(by Unmesh Joshi)
The Limits of a Single Server. (Basics)
Separate Business Logic and Data Layer. (Talks two-tier, but doesn't talk about the rationale why, other than "This way, most of the application logic executes on the separate server utilizing a separate network, CPU, memory, and disk. This architecture works particularly well if most users can be served from caches put at different layers in the architecture. It makes sure that only a portion of all requests need to reach the database layer." Not impressed so far.)
Partitioning Data. (Basically, "partition data", and that's it! No other explanation.)
A Look at Failures.
Replication: Masking Failures.
Defining the Term "Distributed System." "A distributed system is a software architecture that consists of multiple interconnected nodes or servers working together to achieve a common goal. These nodes communicate with each other over a network and coordinate their actions to provide a unified and scalable computing environment. In a distributed system, the workload is distributed across multiple servers, allowing for parallel processing and improved performance. The system is designed to handle large amounts of data and accommodate a high number of concurrent users. Most importantly, it offers fault tolerance and resilience by replicating data and services across multiple nodes, ensuring that the system remains operational even in the presence of failures or network disruptions."
The Patterns Approach. (Focuses on "recurring solution" and--ugh--completely ignores consequences.)
(Simple example, four key-value pairs, replicated on three servers.)
Keeping Data Resilient on a Single Server.
Competing Updates.
Dealing with the Leader Failing.
Multiple Failures Need a Generation Clock.
Log Entires Cannot Be Committed until They Are Accepted by a Majority Quorum.
Followers Commit Based on a High-Water Mark.
Leaders Use a Series of Queues to Remain Responsive to Many Clients.
Followers Can Handle Read Requests to Reduce Load on the Leader.
A Large Amount of Data Can Be Partitioned over Multiple Nodes.
Partitions Can Be Replicated for Resilience.
A Minimum of Two Phases Are Needed to Maintain Consistency across Partitions.
In Distributed Computing, Ordering Cannot Depend on System Timestamps.
A Consistent Core Can Manage the Membership of a Data Cluster.
Gossip Dissemination for Decentralized Cluster Management.
Provide durability guarantee without the storage data structures to be flushed to disk, by persisting every state change as a command to the append only log.
Also known as: Commit Log
Problem Strong durability guarantee is needed even in the case of the server machines storing data failing. Once a server agrees to perform an action, it should do so even if it fails and restarts losing all of its in-memory state.

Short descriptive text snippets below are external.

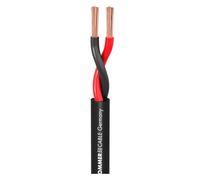 Sommer Cable - Meridian Mobile SP240 - Cable de altavoz (2 x 4,00 mm², PVC Ø 9,50 mm, 3 m), color negro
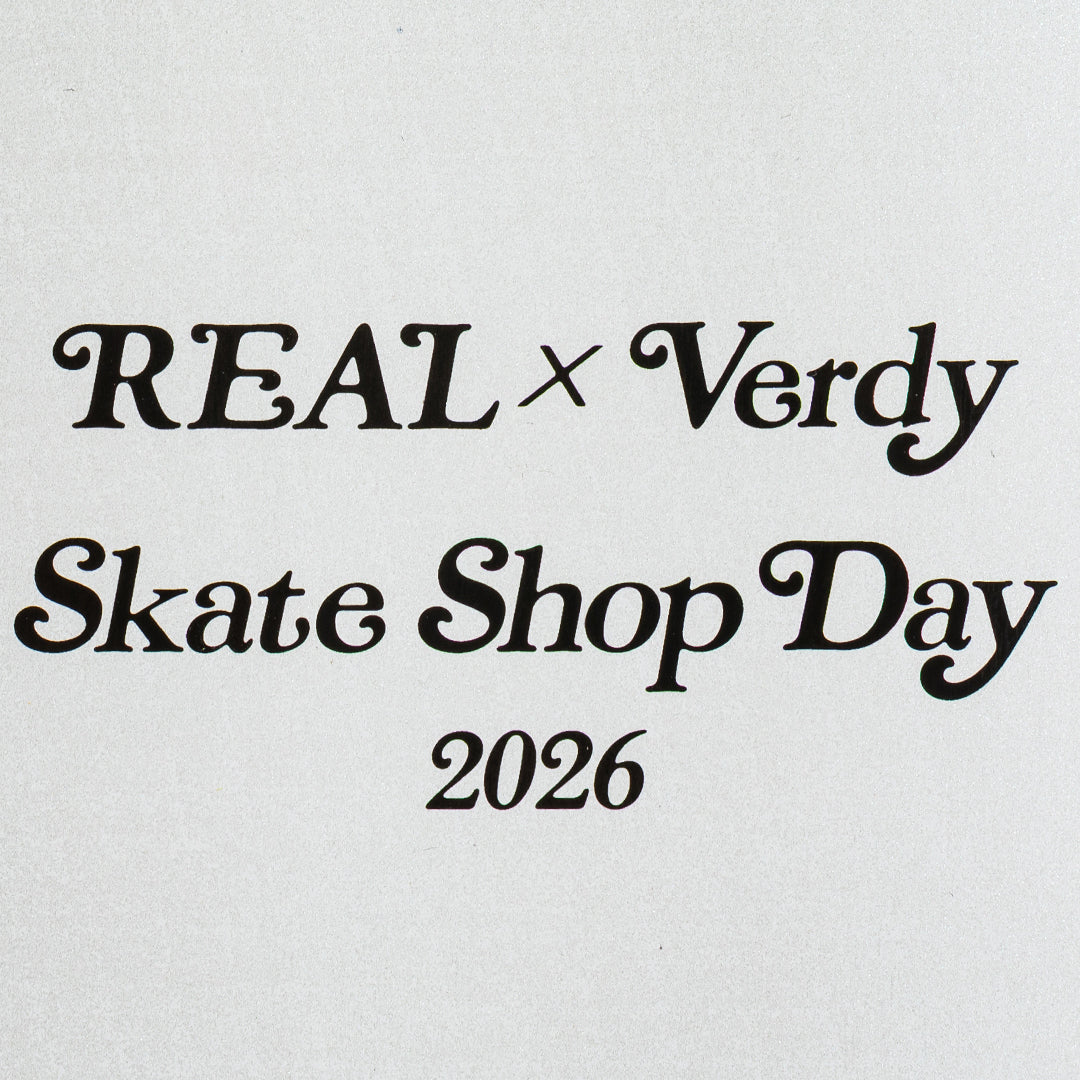 REAL SKATEBOARDS(リアル スケートボード)| REAL SKATEBOARDS X VERDY SSD26 OVAL 8.06 | スノーボード・スケートボードのTACTICS JAPAN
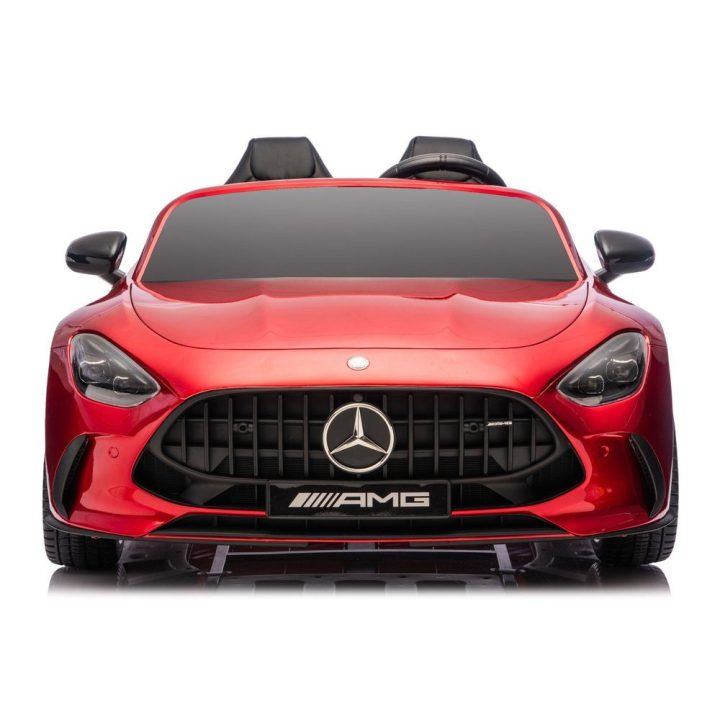 Vaikiškas elektrinis automobilis 24 V raudonas Mercedes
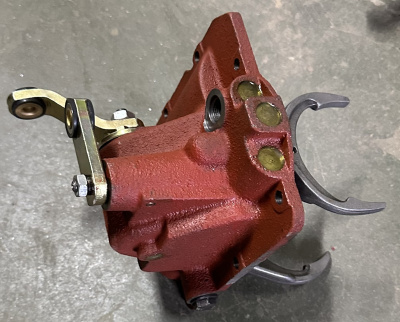 Крышка КПП Уаз 452, 3741 нового образца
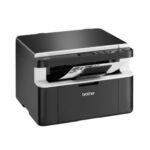 brother dcp 1612 wireless 3 in 1 printer left side view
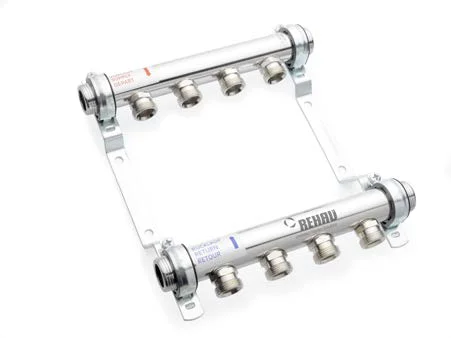 Rehau Edelstahl Heizleitungsverteiler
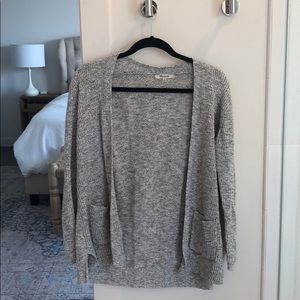 Madewell cardigan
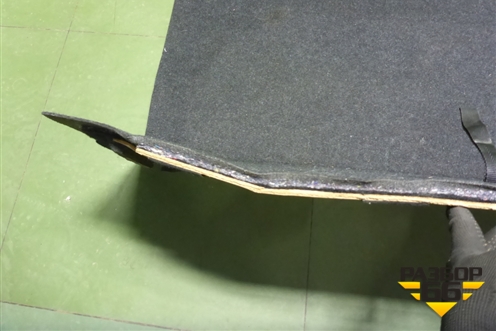 Пол багажника (лифтбек) (5E5863463D) для Skoda Octavia (A7) с 2013г (Октавия)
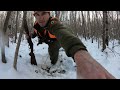 Tracking a 200 Pound Big Woods Buck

Solution Store each state change as a command in a file on a hard disk. A single log is maintained for each server process. It is sequentially appended. A single log, appended sequentially, simplifies handling of logs at restart and the subsequent online operations (when the log is appended with new commands). Each log entry is given a unique identifier. This identifier helps in implementing certain other operations on the log, such as Segmented Log, cleaning the log with Low-Water Mark, and so on. The log updates can be implemented with Singular Update Queue.
Split log into multiple smaller files instead of a single large file for easier operations.
Problem A single log file can grow and become a performance bottleneck as it is read at startup. Older logs are cleaned up periodically, but doing cleanup operations on a single huge file is difficult to implement.
Solution Single log is split into multiple segments. Log files are rolled after a specified size limit. With log segmentation, there needs to be an easy way to map logical log offsets (or log sequence numbers) to the log segment files. This can be done in two ways: (1) Each log segment name is generated by some known prefix and a base offset (or a log sequence number). (2) Each log sequence number is divided into two parts, the name of the file and the transaction offset. With this information, the read operation is two steps. For a given offset (or transaction ID), the log segment is identified and all the log records are read from subsequent log segments.
An index in the write-ahead log showing which portion of the log can be discarded.
Problem A write-ahead log maintains every update to the persistent store. It can grow indefinitely over time. Segmented Log ensures smaller files, but the total disk storage can grow indefinitely if not checked.
Solution Have a mechanism to tell logging machinery which portion of the log can be safely discarded. The mechanism gives the lowest offset, or low-water mark, before which the logs can be discarded. Have a task running in the background, in a separate thread, which continuously checks which portion of the log can be discarded and deletes the files on the disk.
Have a single server to coordinate replication across a set of servers.
Problem To achieve fault tolerance in systems that manage data, the data needs to be replicated on multiple servers.
It’s also important to give some guarantee about consistency to clients. When data is updated on multiple servers, you need to decide when to make it visible to clients. Write and read Majority Quorum is not sufficient, as some failure scenarios can cause clients to see data inconsistently. Each individual server does not know about the state of data on the other servers in the quorum. It’s only when data is read from multiple servers, the inconsistencies can be resolved. In some cases, this is not enough. Stronger guarantees are needed about the data sent to clients.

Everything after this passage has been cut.